A broad question: is there any documentation or info anywhere about the synchronization guarantees when passing CUDA tensors through multiprocessing queues?
As a concrete example, imagine code like the following:
def run_function(q):
while(True):
x = q.get()
# Use x, break on some condition, etc.
def main():
ctx = mp.get_context("spawn")
q = ctx.SimpleQueue()
proc = ctx.Process(
target=run_function,
args=(q, ),
daemon=True,
)
proc.start()
x = torch.randn(..., device="cuda")
W = torch.randn(..., device="cuda")
for _ in range(50):
x = torch.matmul(W, x)
q.put(x)
proc.join()
What are the guarantees about the state of x when the child process picks it up out of the queue in run_function? Naively, it looks like it could be anything, as the GPU could have run any number of loop iterations by the time the CPU puts x – and the memory allocator could have happily reused pointers / buffers during that time.

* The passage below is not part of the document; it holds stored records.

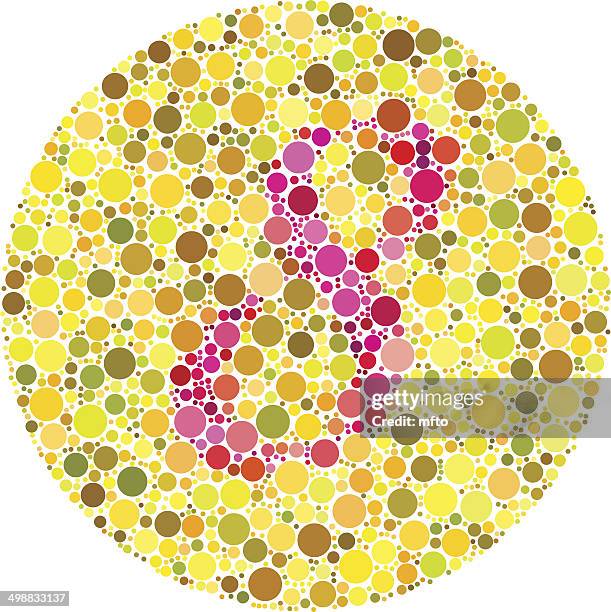 ilustrações, clipart, desenhos animados e ícones de daltonism teste - color blindness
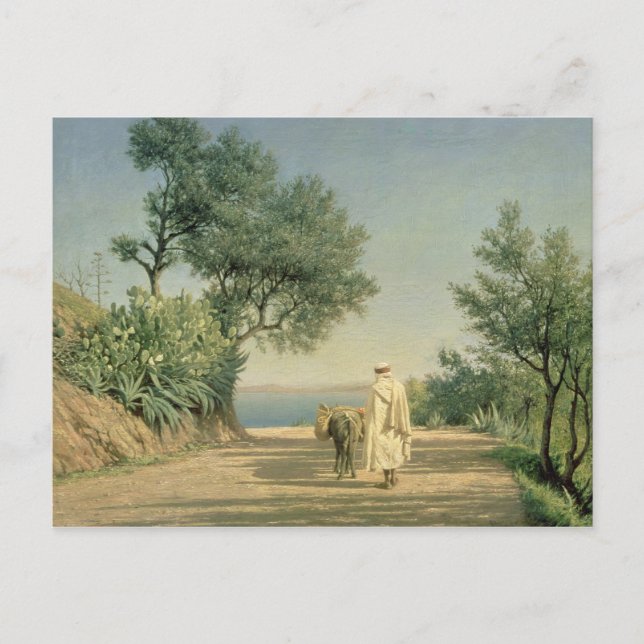 Postal El camino al mar, Argelia, 1883 (Anverso)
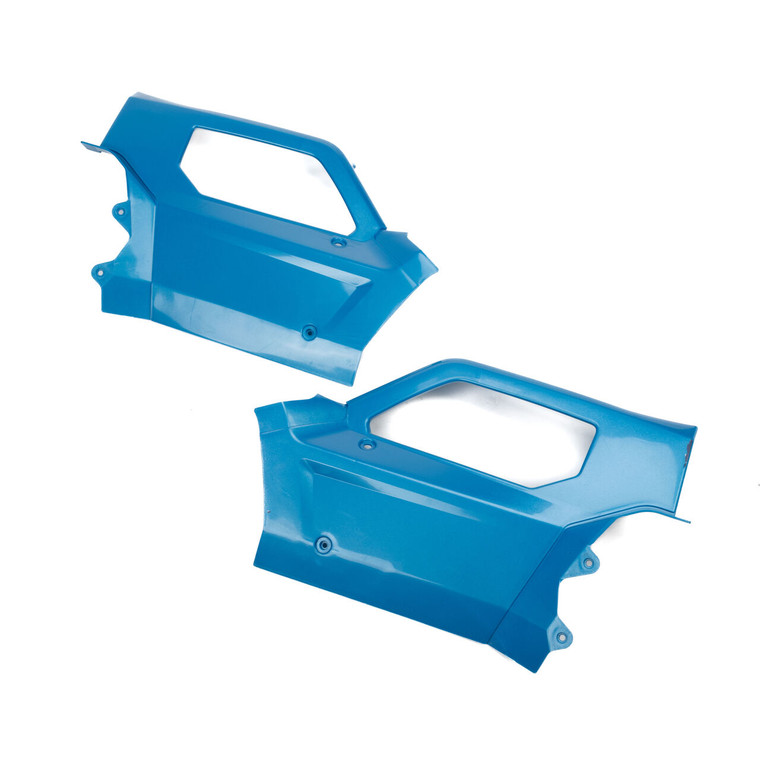 Losi - Body Panel, Door, L/R, Metallic Blue: 5IVE-T 3.0 - 4004
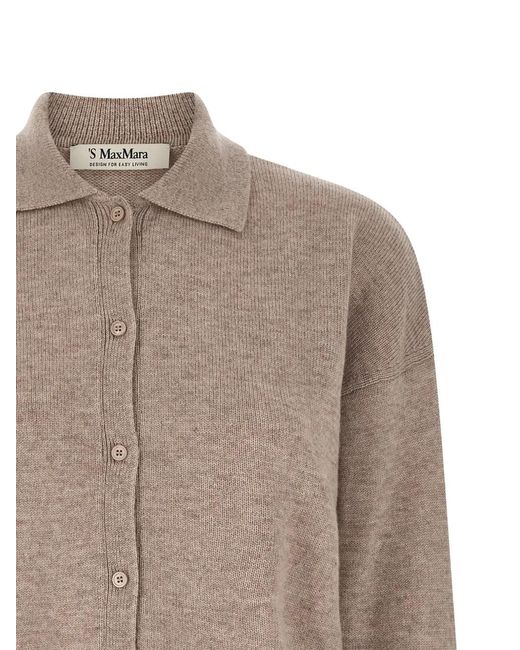 Max Mara Brown Smmgatti Sweaters And Cardigans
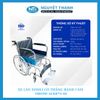 Xe lăn simili có thắng, bánh căm Oromi ALK875-46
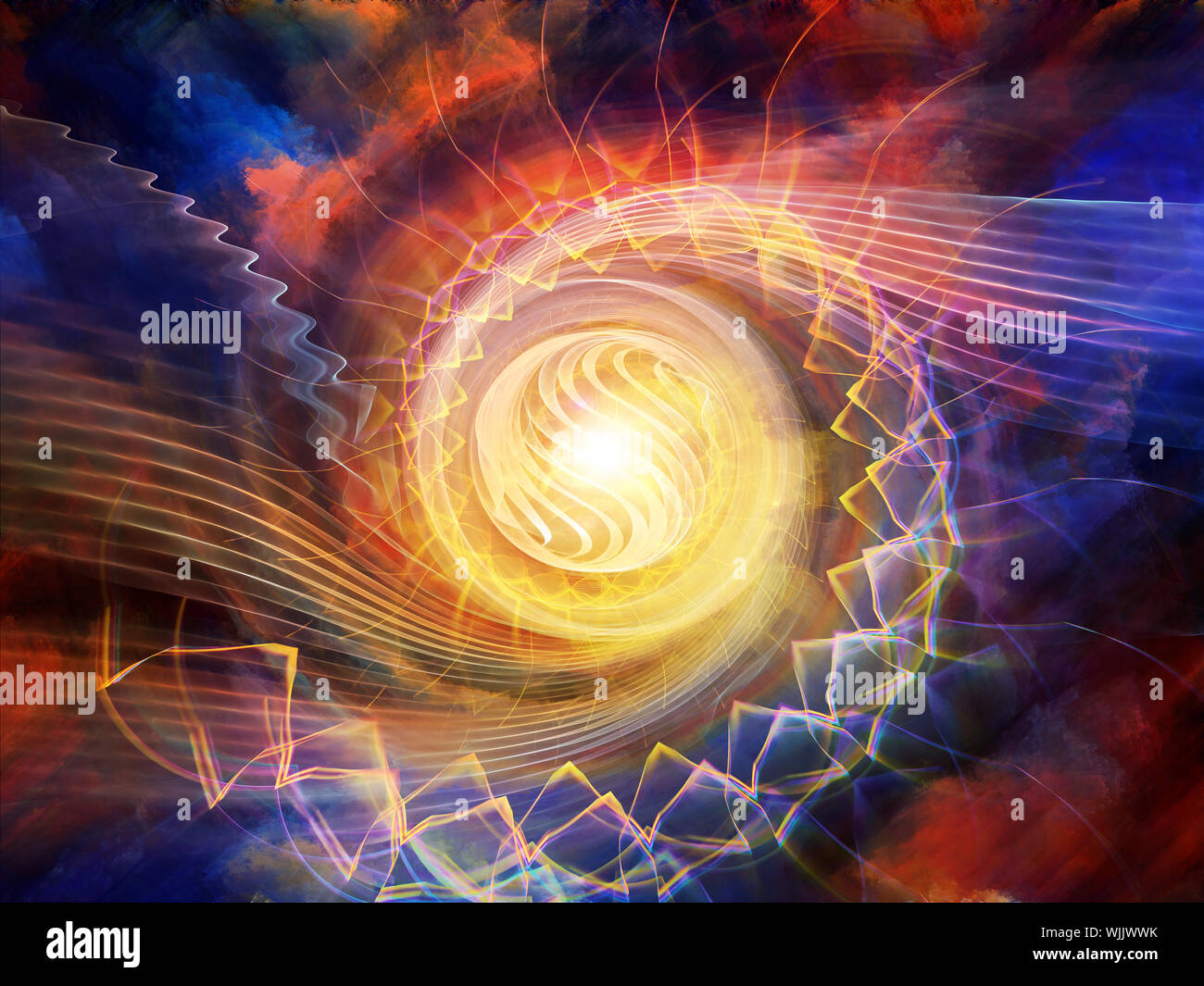 Colors in Motion series. Design made of fractal spiral elements and ...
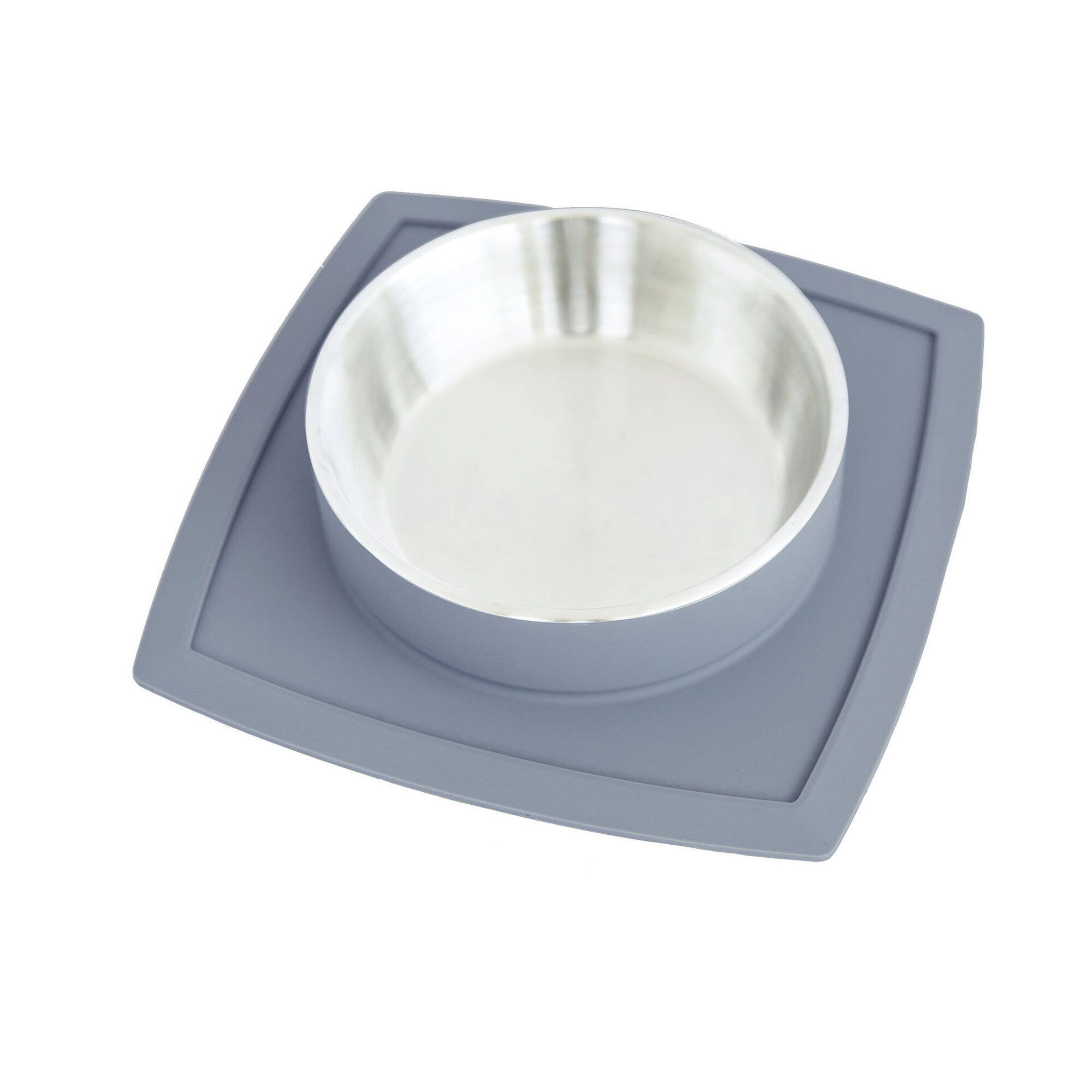 Comedouro Inox Antiderrapante com Ventosa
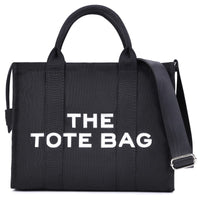 Alphabet Pattern Tote Bag – Canvas or PU Leather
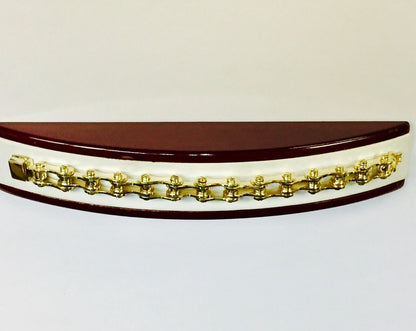 18k Yellow Gold 11mm Motorcycle/Bike Chain Bracelet, 9.5", Approx 63g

Empirically, though, nothing runs in the child process until the parent process finishes its work (on the GPU) – is this guaranteed? How?
And follow-ups:
Does anything change with multiple devices?
What if we don’t put x itself in the queue but rather a python class that contains (possibly nested) references to Tensor objects?
I don’t know for sure, but, I suspect q.put() is serializing tensor data and sending it to the remote process. If so, this is a CPU-side thing, and before it can be done the tensor data must be requested from the GPU. This would implicitly synchronize the GPU work to the CPU on the source process before allowing the q.put.
(The opposite possibility, is that tensor data remains on GPU and the remote pytorch process just references the existing gpu data, and I don’t think it’s set up that way.)
You can confirm by doing a profile trace using the torch autograd profiler, and observing a call to cuda d2h memcopy happening before the q.put finishes
It’s not at all clear to me how the parent process D2H can overlap with the child process H2D, but I agree that explains the apparent synchronization.
This is a little at odds with the description given at Multiprocessing best practices — PyTorch 2.1 documentation, which makes it sound like CUDA tensors are shared directly. I’ll poke at the CUDA API calls going on as well with IPC handles.
The “overlap” could indicate the wait time (thus sync) of the HtoD call, which is launched after the DtoH code. It does not necessarily mean operations are executed, but could still block.
So what I said before is partially true. The combined H2D and D2H appears to occur only when you need to move the tensor across two devices. (my_device in the child is different from the device of x_recv).
In the case of same-device, the tensor is transparently shared with the CUDA IPC mechanisms, but there appear to be some cudaStreamSynchronize()s that occur to guarantee some ordering. Still trying to make sense of the profiles.
# Testing indirection of tensors passed through a queue
class Box:
def __init__(self, x):
self.x = x
# Child process runs this
def run_fn(send_q, recv_q):
my_device = "cuda:0"
torch.cuda.set_device(my_device)
W1 = torch.randn(4096, 4096, device=my_device)
torch.cuda.synchronize()
send_q.put(0)
y_recv, box_recv = recv_q.get()
ret = torch.matmul(W1, box_recv.x) + y_recv
send_q.put(ret)
# Parent process
def main():
my_device = "cuda:0"
torch.cuda.set_device(my_device)
ctx = mp.get_context("spawn")
send_q = ctx.SimpleQueue()
recv_q = ctx.SimpleQueue()
proc = ctx.Process(
target=run_fn,
args=(recv_q, send_q),
daemon=True,
)
proc.start()
proc_ready = recv_q.get()
assert proc_ready == 0
W = torch.randn(4096, 4096, device=my_device)
X = torch.randn(4096, 4096, device=my_device)
y = torch.randn(4096, device=my_device)
torch.cuda.synchronize()
for _ in range(10):
X = torch.matmul(X, W)
box = Box(X)
send_q.put((y, box))
ret = recv_q.get()
print(ret.sum().item())
proc.join()
The resulting profile is kind of a mess, but it looks like the following occurs:
At the point where the parent put()s things into queue, it does a cudaEventRecord.
As soon as the child get()s things out of the queue, the first thing it does is to cudaStreamWaitEvent – presumably on the event created by the parent?
The child also does 2x cudaIpcOpenMemHandle to access the shared tensors
This all makes sense and explains the apparent synchronization between parent and child – there is an implicit stream synchronization and the enqueue / dequeue boundary.
Note that I cannot for the life of me find where the parent creates the IpcMemHandles, or how those handles get passed between processes. I’m just taking it on faith that it occurs somewhere.
I’m still not sure I have a robust mental model of sync guarantees for multiprocessing, but it does seem like things generally skew toward implicit safety.